Only one part of the listing is needed: the lines from the one with "দুর্গাপুজো উপলক্ষ্যে আগরতলা" through the last line, copied exactly and free of pictures.

● **ENTRIES PROVIDED**
[Start of section]

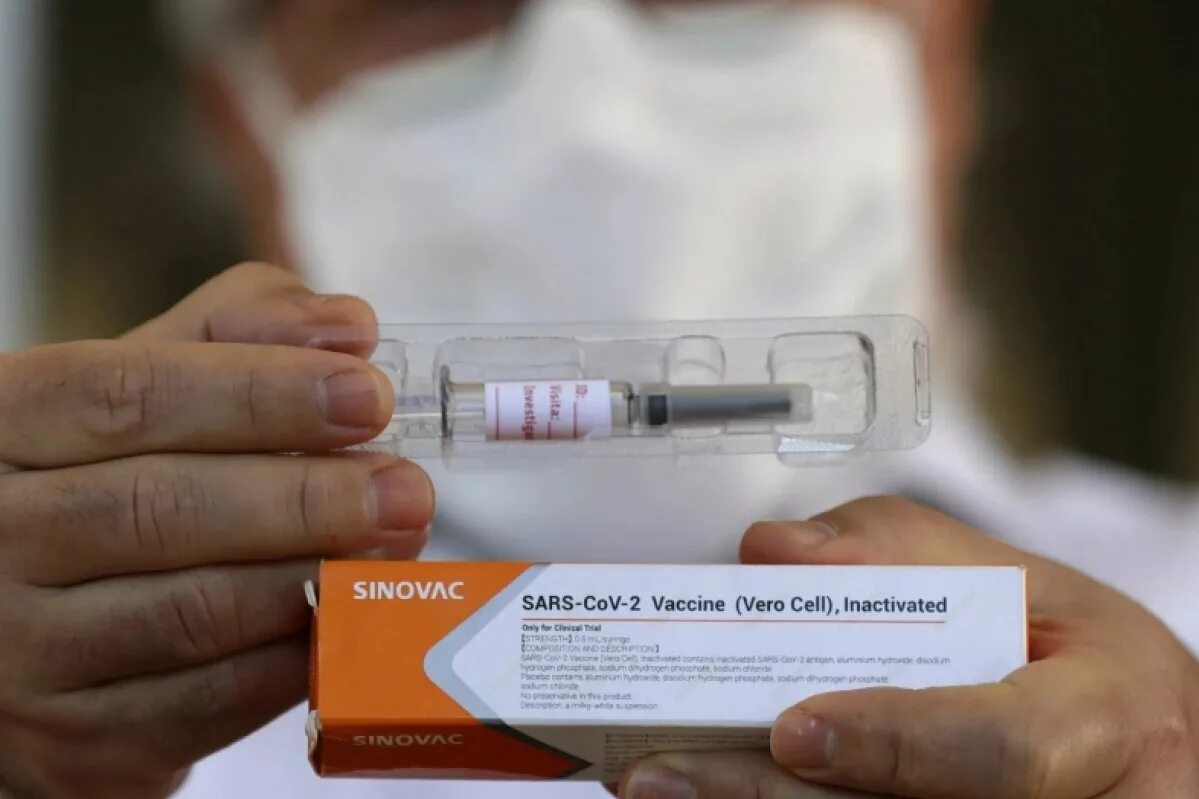 AKDC прививки Китай. В Таджикистане вакцина Китай Sinovac.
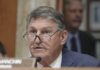 Manchin pours cold water on gubernatorial bid speculation with fundraiser appearance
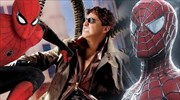 «Spider-Man 3»: Ο Άλφρεντ Μολίνα επιστρέφει ως Doctor Octopus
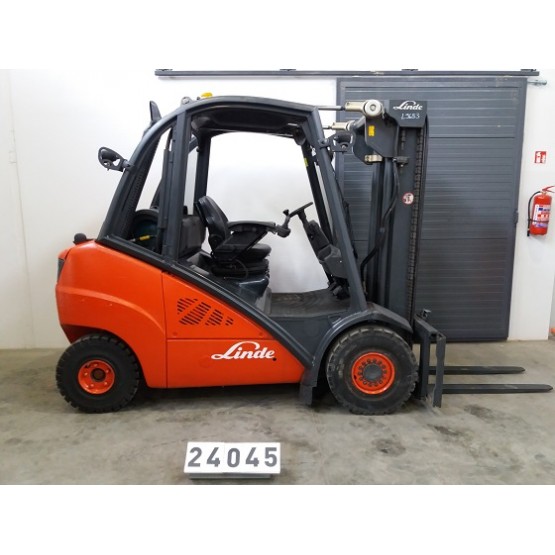 Linde H35T $$H2X393C01079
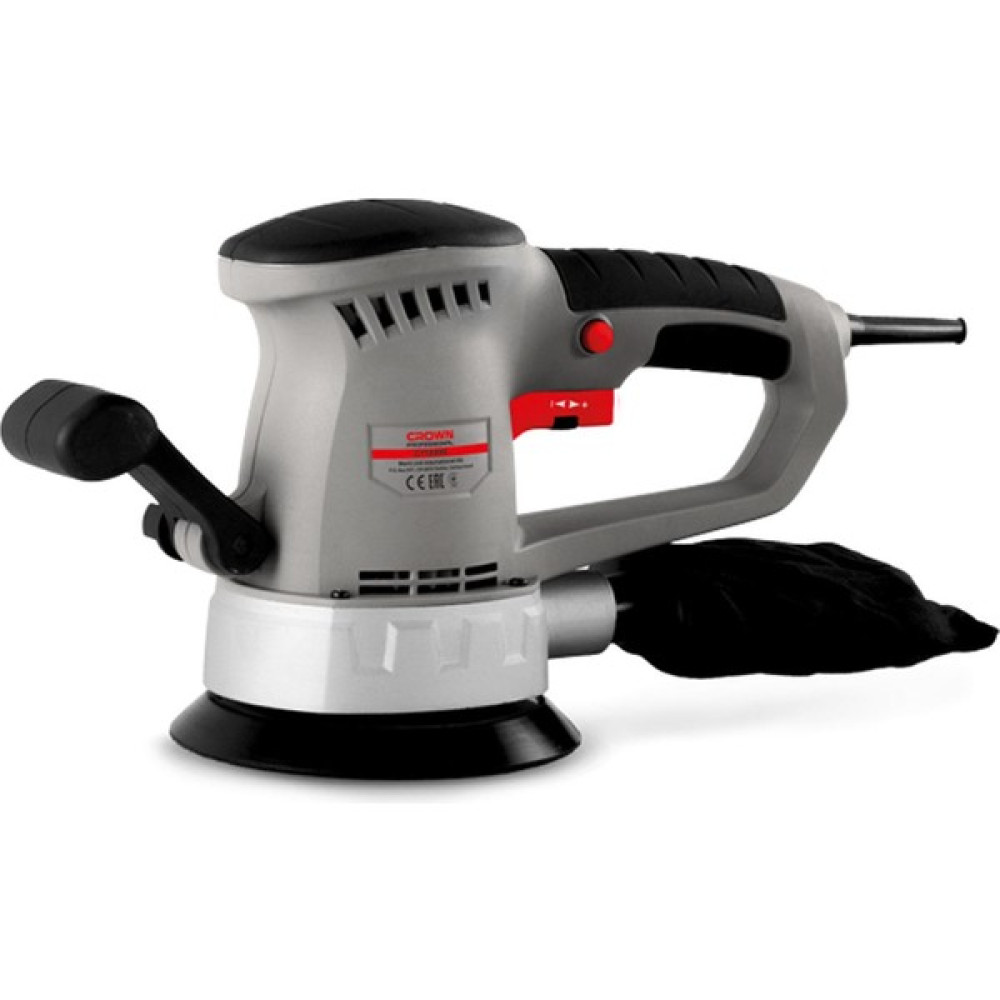 Crown Ct13395 Eksantrik Zımpara Makinesi 450w 150 Mm Elektrikli El Aletleri Fiyatı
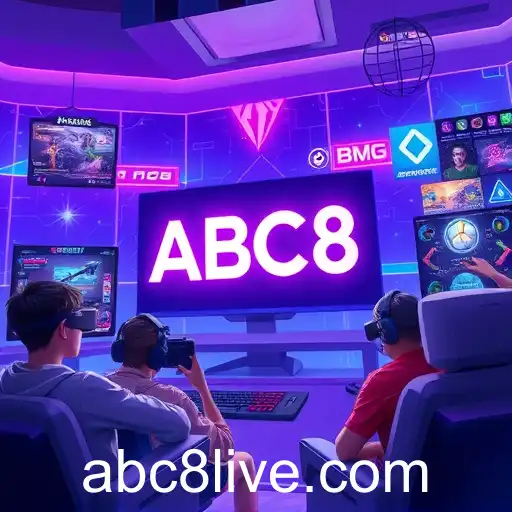 ABC8: Revolutionizing Gaming Experiences in 2025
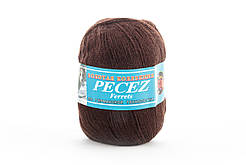 Пряжа Color City Pecez 229 шоколад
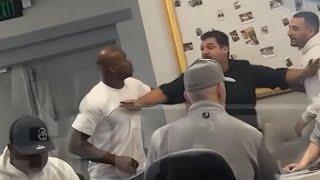Former NFL RB Adrian Peterson gets into fistfight during poker game In Texas  Adrian Peterson Fight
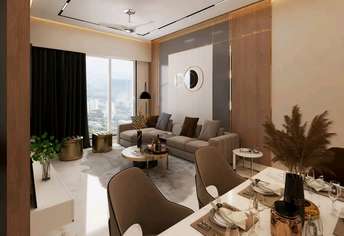 1 BHK Apartment For Resale in Lodha Crown Kolshet Kolshet Road Thane  6541473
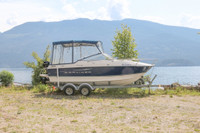 2007 Bayliner 192 Discovery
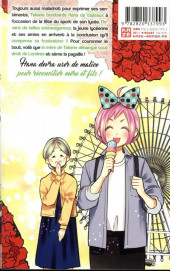 Verso de Takane & Hana -15- Tome 15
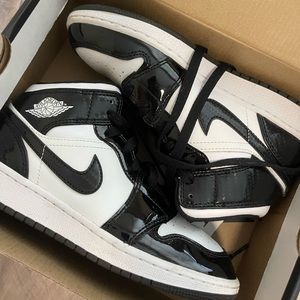 AIR JORDAN 1 Mid All Star 2021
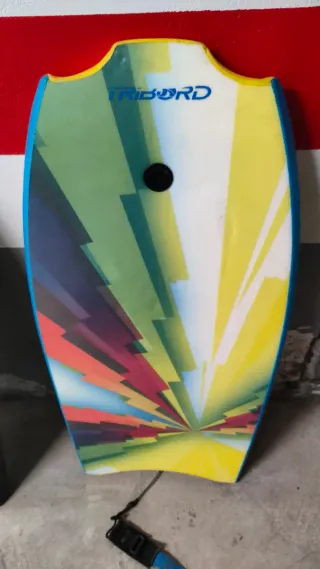 Tabla bodyboard TRIBORD Buen estado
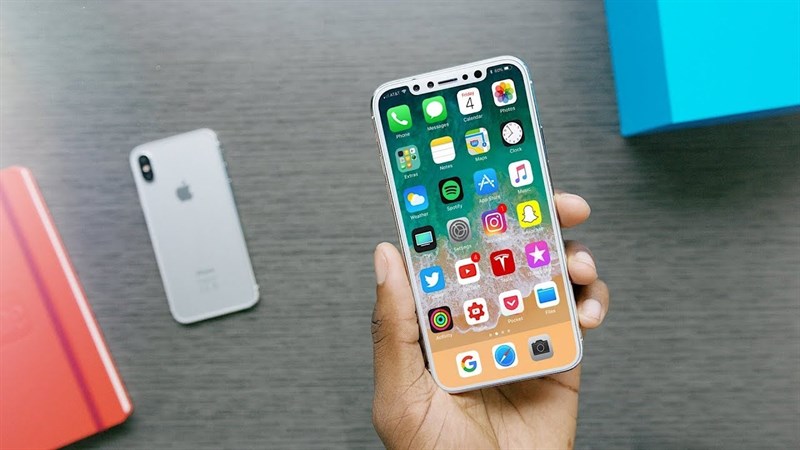 iPhone X iPhone X
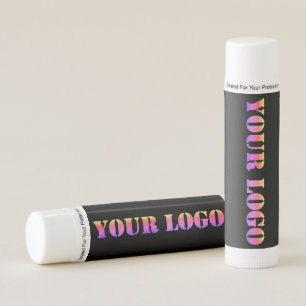 Create Your Business Promotional Lip Balm Template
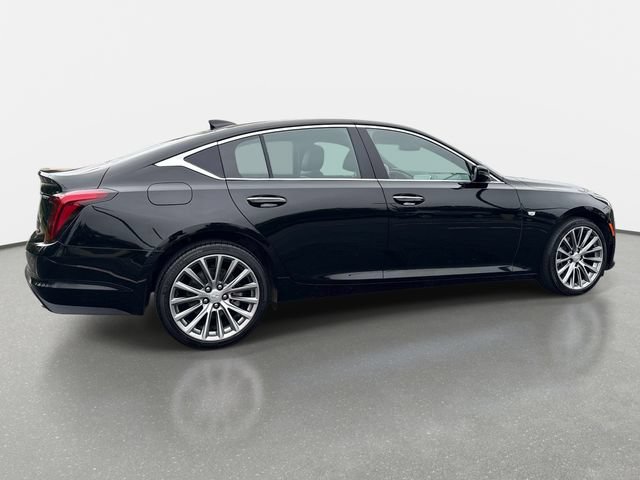 Certified 2024 Cadillac CT5 Premium Luxury AWD/4WD image 6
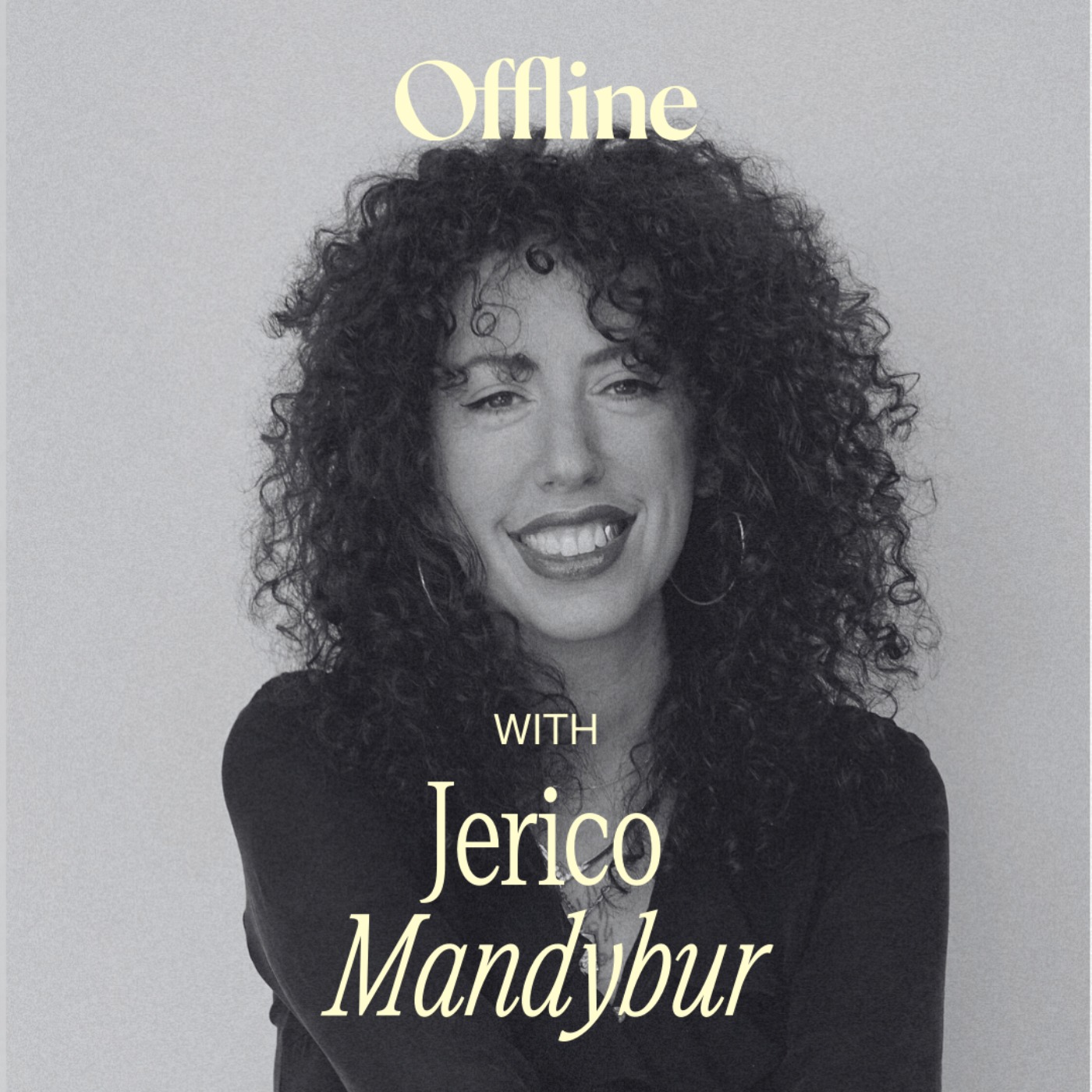 Part 2: Jerico Mandybur on inclusion in the wellness industry & how to incorporate tarot into your day. episode artwork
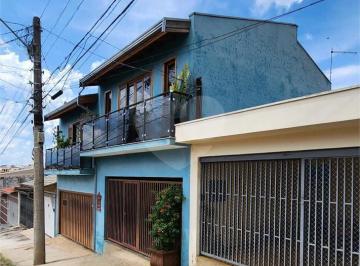 Imagem Principal · Casa Ampla com Terraço e Vista Panorâmica no Centro, Salto/SP – 4 dormitórios, área gourmet, terraço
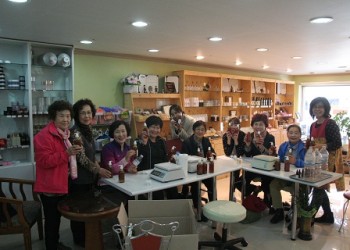 한화호텔 & 리조트 연계사업 '달달한 파티' 추석 선물만들기 이미지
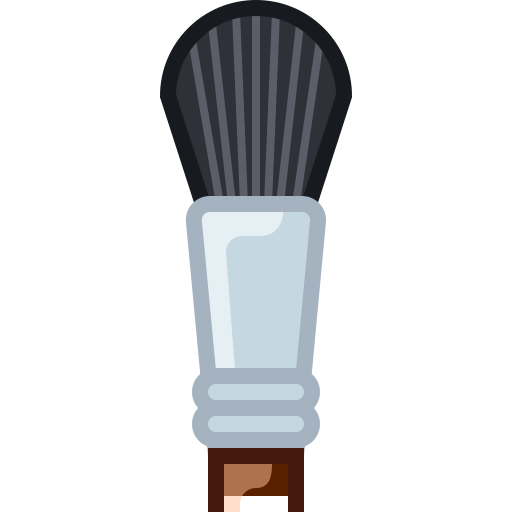 escovar grátis ícone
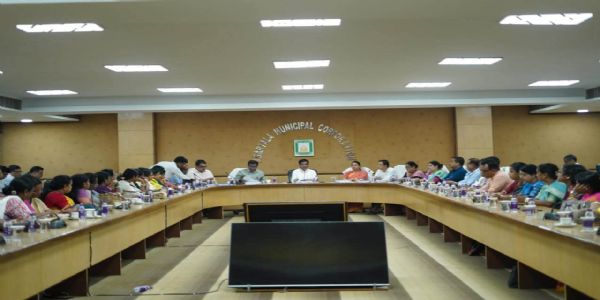 দুর্গাপুজো উপলক্ষ্যে আগরতলা শহরকে সাজাবে পুর নিগম
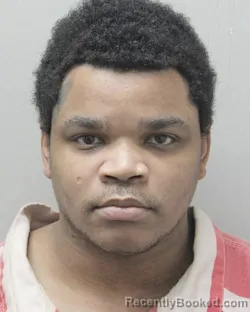 Mugshot of HASSANI RASHID SALIM WILLIAMS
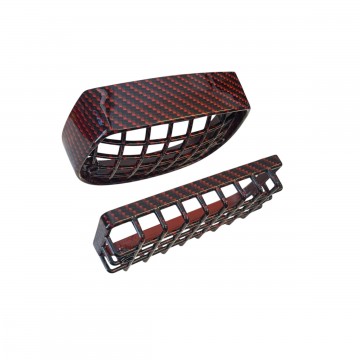 CARBONIO ROSSO LUCIDO...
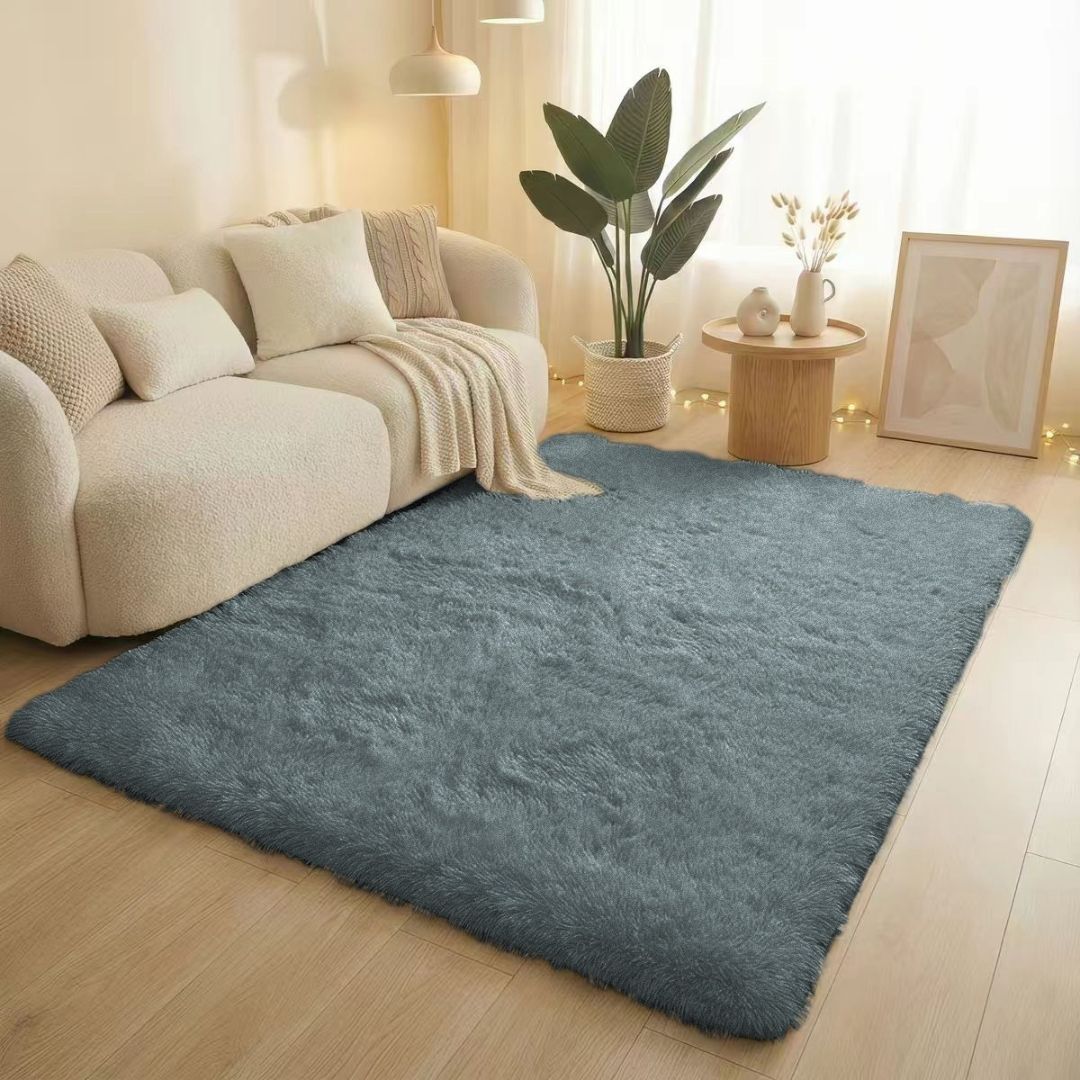 Alfombra peluche 160x200
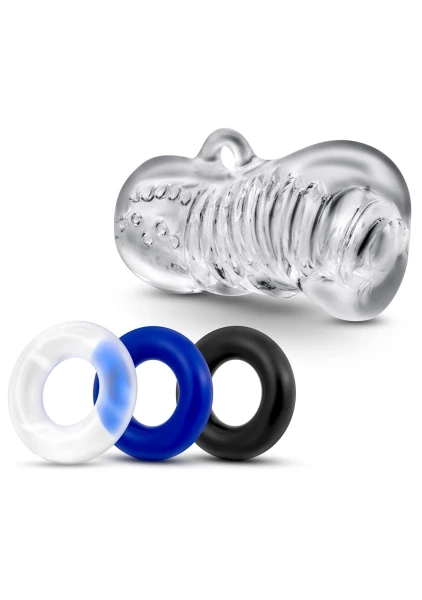 Quickie Kit Jerk Off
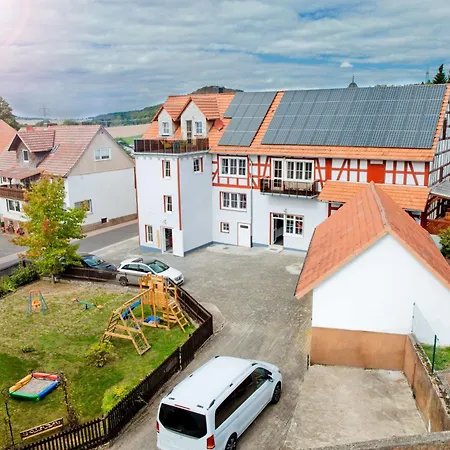 Apartment Rollstuhlgerechte Rotkaeppchen By Interhome Allmuthshausen
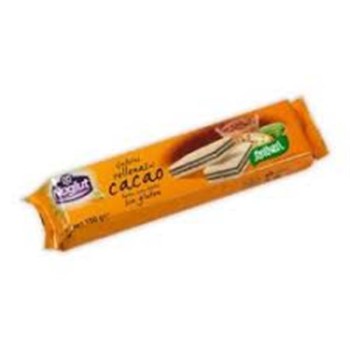 NOGLUT WAFERS CACAO S/G...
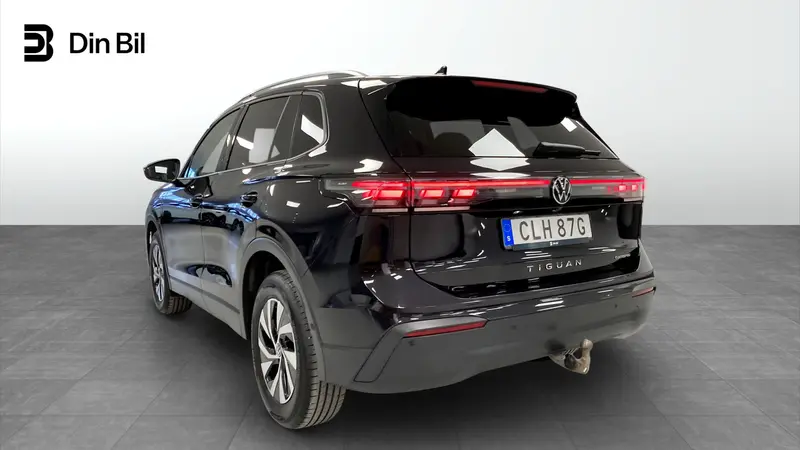 Volkswagen Tiguan 2024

[End of section]

● **SOLUTION TO THE PROBLEM**
 দুর্গাপুজো উপলক্ষ্যে আগরতলা শহরকে সাজাবে পুর নিগম
 Mugshot of HASSANI RASHID SALIM WILLIAMS
 CARBONIO ROSSO LUCIDO...
 Alfombra peluche 160x200
 Quickie Kit Jerk Off
 Apartment Rollstuhlgerechte Rotkaeppchen By Interhome Allmuthshausen
 NOGLUT WAFERS CACAO S/G...
 Volkswagen Tiguan 2024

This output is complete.